Dataset items
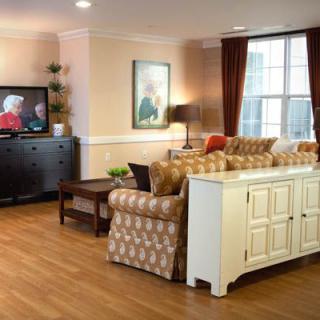 A cozy living room interior with comfortable seating and a television.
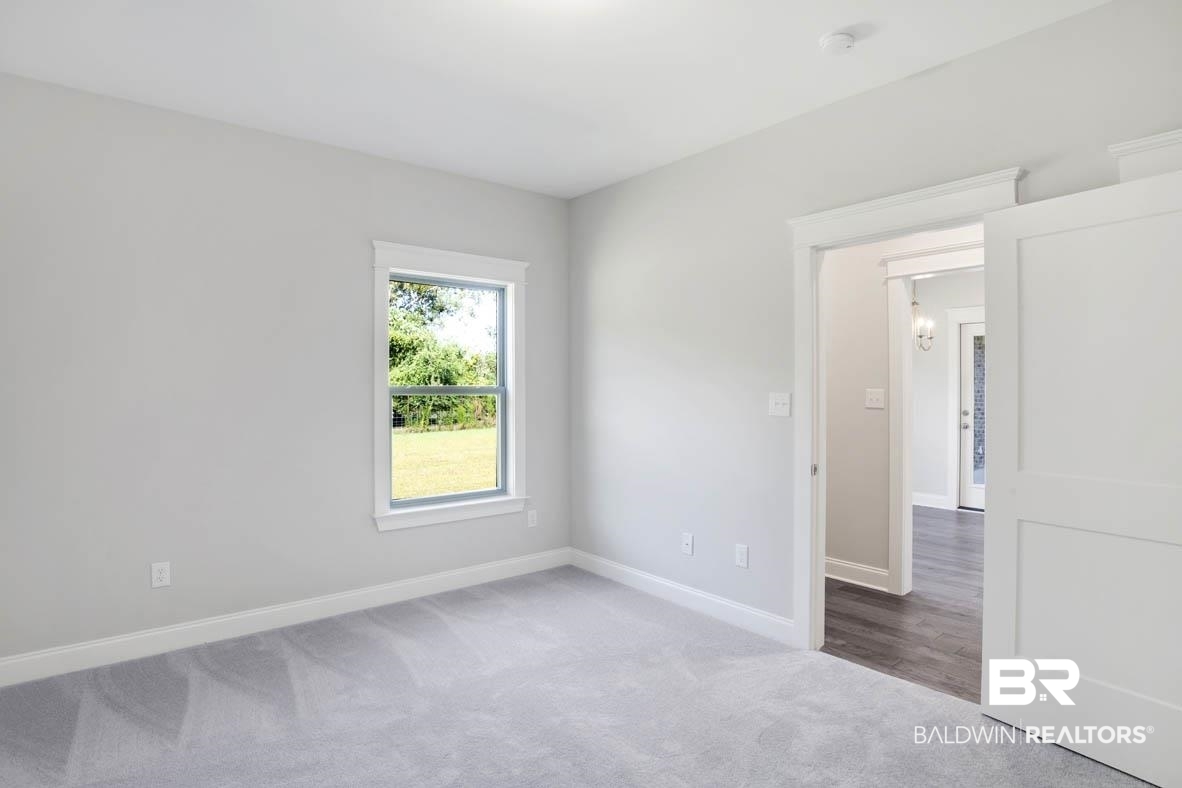 393 Garrison Boulevard Fairhope, AL 36532 - Photo 19 of 40 Spare room featuring carpet floors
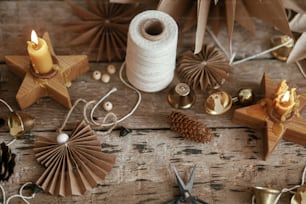 素朴な木製の背景にスタイリッシュなクリスマスの鐘、紙の天使と星、松ぼっくり、ろうそく、糸、はさみ。お祝いのスカンジナビアの花輪、不機嫌なイメージを作ります。手作りの休日の装飾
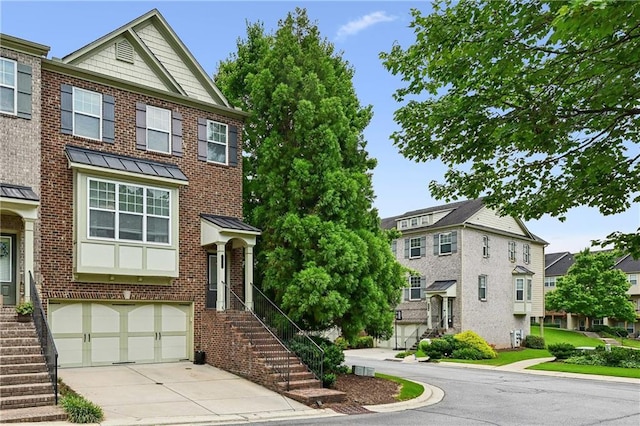 townhome / multi-family property featuring an attached garage, brick siding, a residential view, concrete driveway, and a standing seam roof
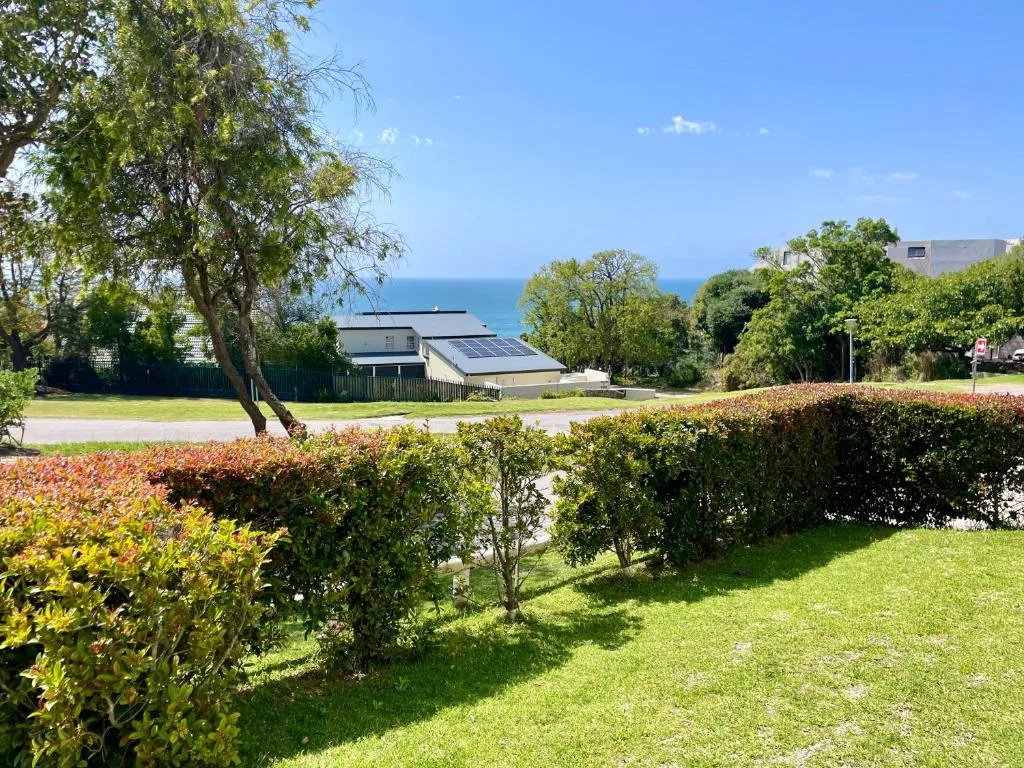 Ocean vista visible beyond manicured garden and coastal property architecture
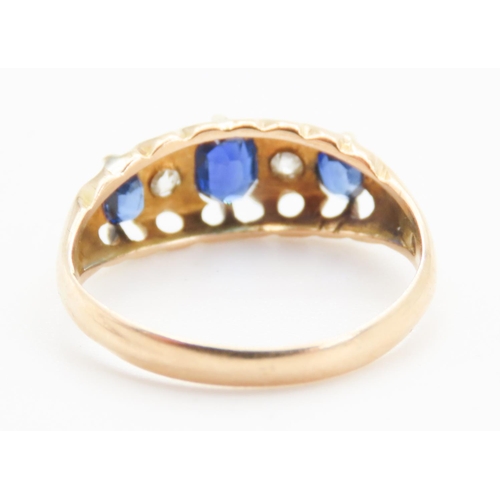 300 - Three Stone Sapphire and Diamond Set Ring Mounted in 18 Carat Yellow Gold Ring Size J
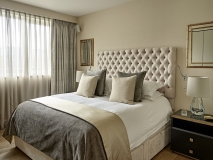 Bedroom Curtains with sheers, headboard with cushions and bedthrow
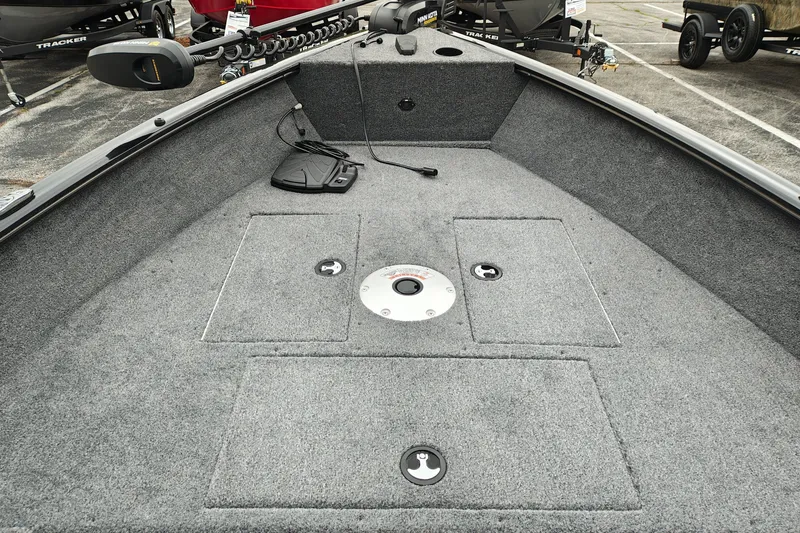 Slide: The Image of 2027 Tracker Super Guide V-16 T boat interior with carpeted deck and storage compartments. - 19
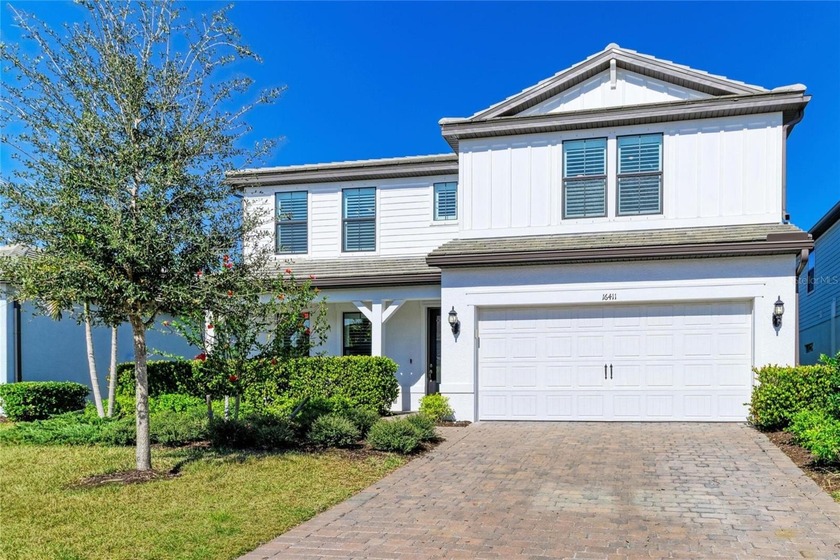 Welcome to this STUNNING and UPGRADED residence, ideally - Beach Home for sale in Bradenton, Florida on Beachhouse.com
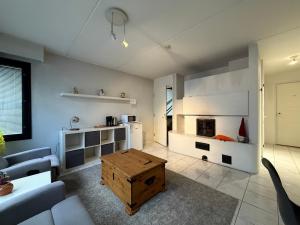 a living room with a couch and a table at Nordic Nest B in Vantaa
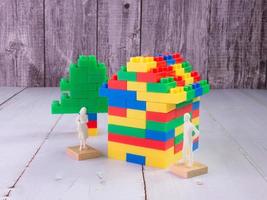 casa giocattolo multicolore in mattoni e figura bianca per il concetto di business per bambini o proprietà foto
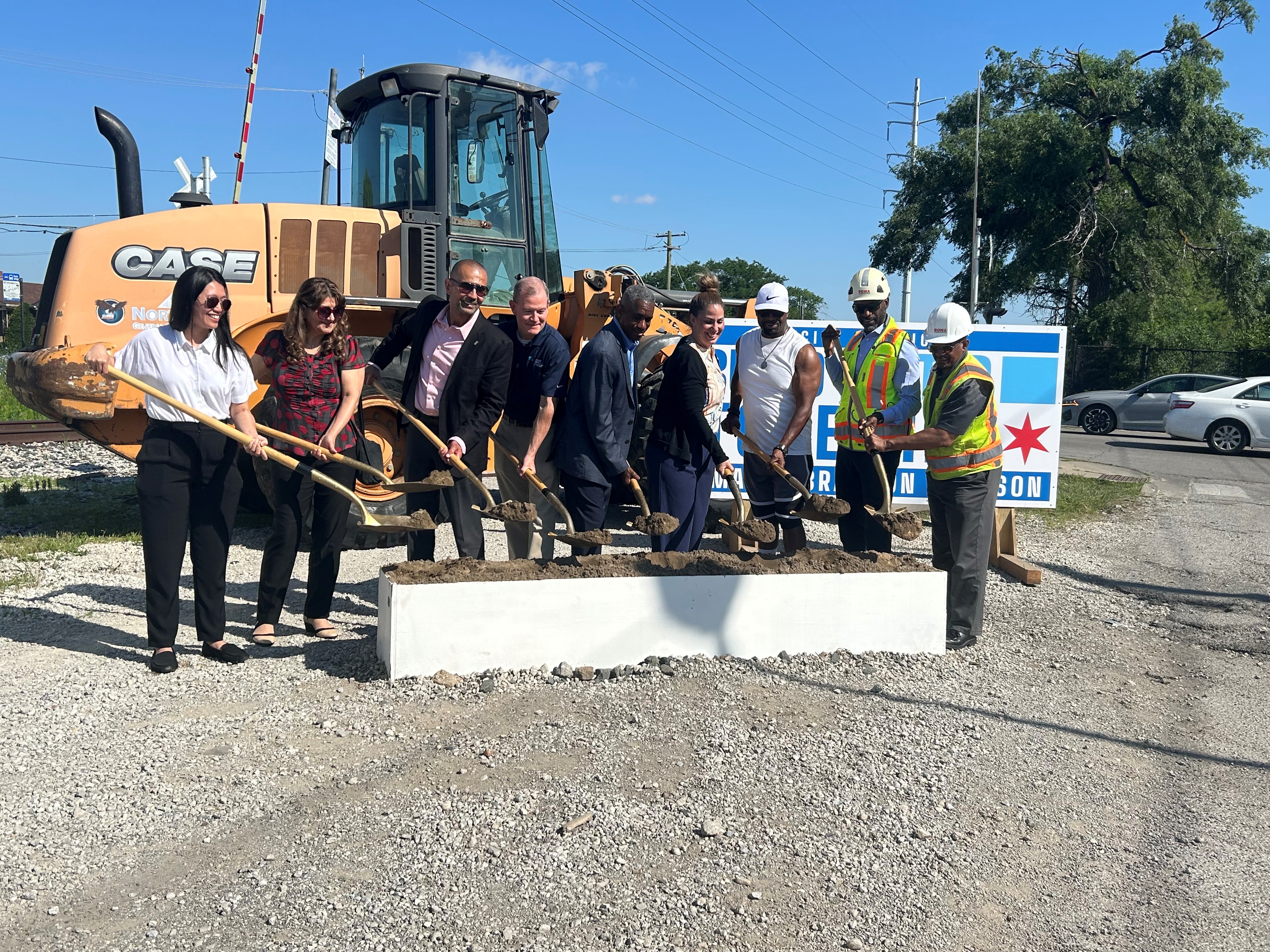 City officials take part in a ceremonial groundbreaking 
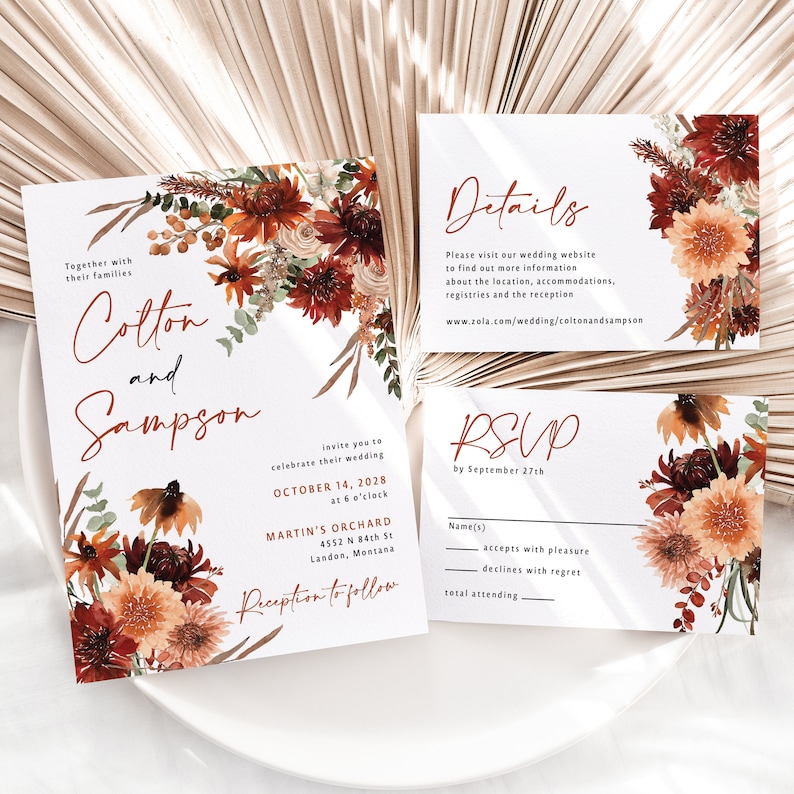 May include: Wedding invitation suite with a floral design featuring fall colors like orange, red, and brown. The invitation includes the names "Cotton and Sampson", the date "October 14, 2028", and the time "6 o'clock". The RSVP card includes a space for the guest's name, a checkbox to accept or decline the invitation, and a space for the total number of guests attending.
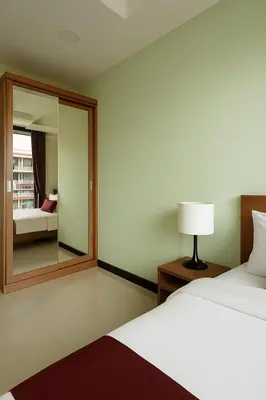 a hotel room with a bed and a mirror at 1 bedroom Naiharn Beach Condo in Rawai Beach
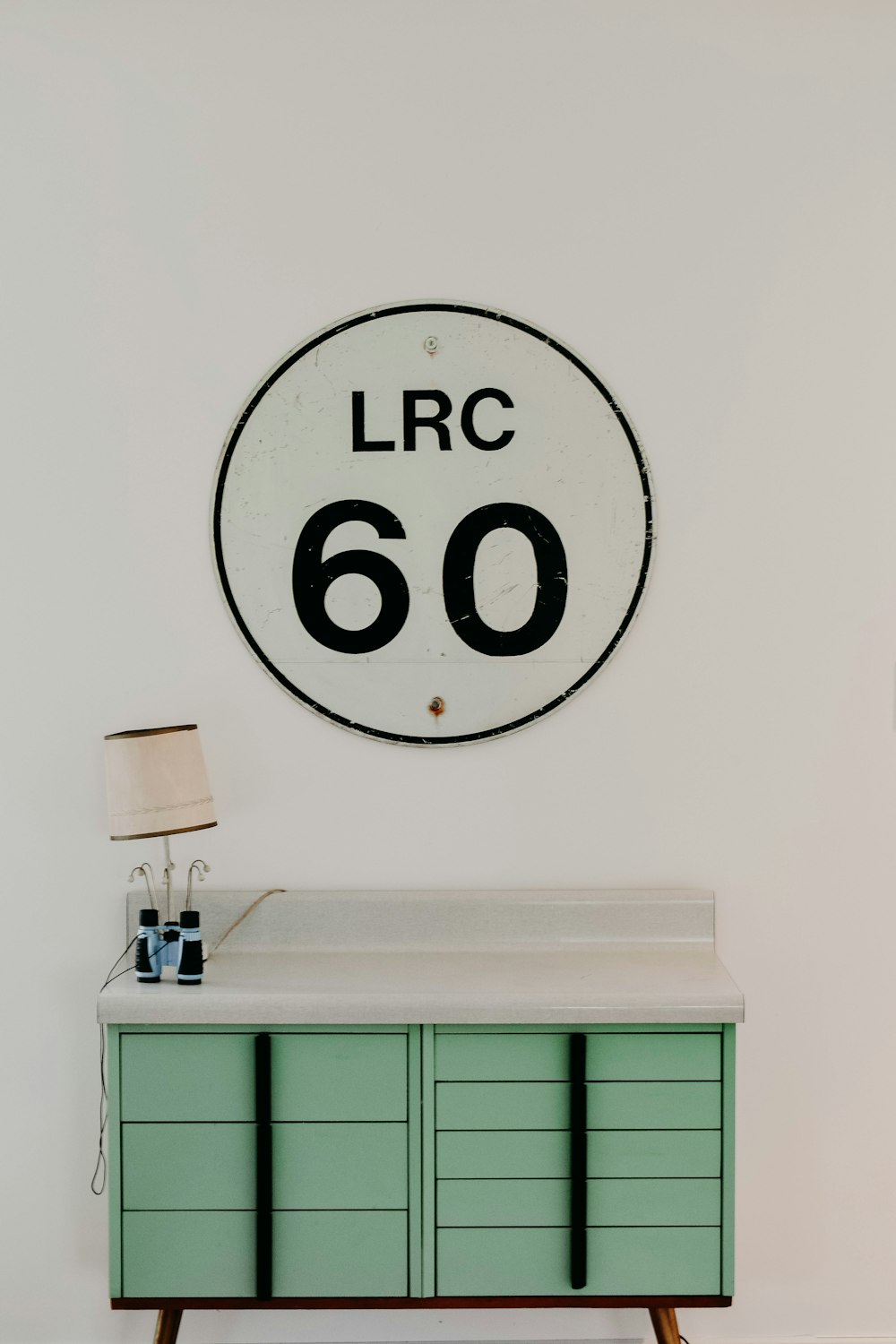 LRC 60の壁の看板の近くに茶色のランプシェードが付いた白と緑の木製デスク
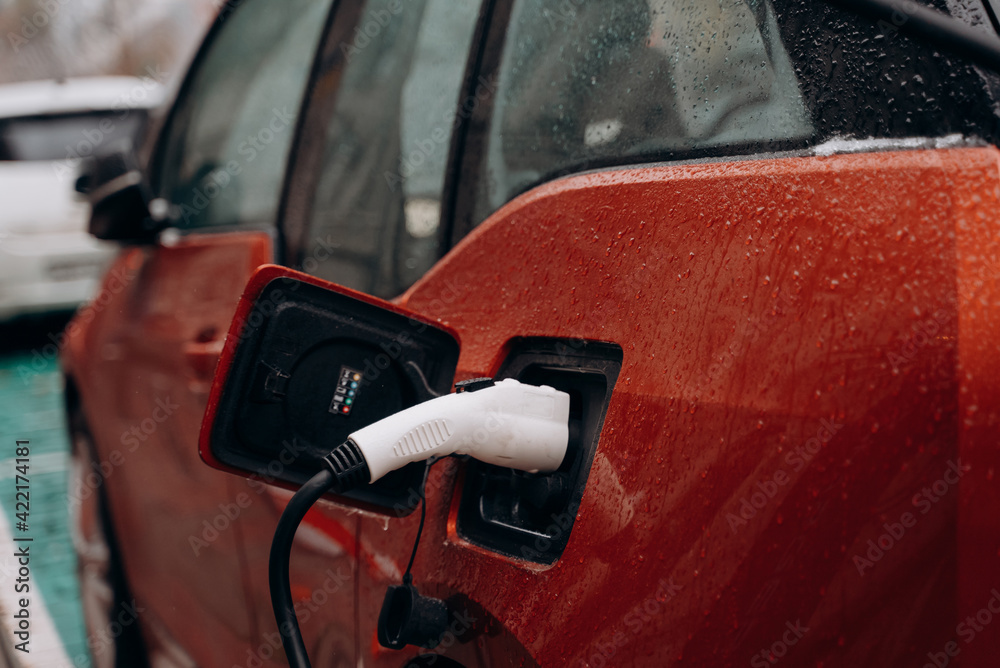Electric car with power cable supply plugged in Electric car with power cable supply plugged in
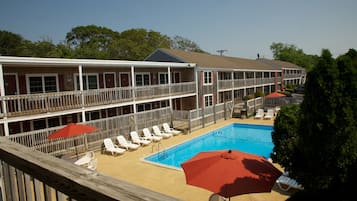 Seasonal outdoor pool, pool umbrellas, pool loungers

[Problem to solve]: Only the lines above from the one with "Slide: The Image" to the one with "a living room" should be printed, both included and exactly as written; no picture belongs in the copy.

[Result below]:
 Slide: The Image of 2027 Tracker Super Guide V-16 T boat interior with carpeted deck and storage compartments. - 19
 Welcome to this STUNNING and UPGRADED residence, ideally - Beach Home for sale in Bradenton, Florida on Beachhouse.com
 a living room with a couch and a table at Nordic Nest B in Vantaa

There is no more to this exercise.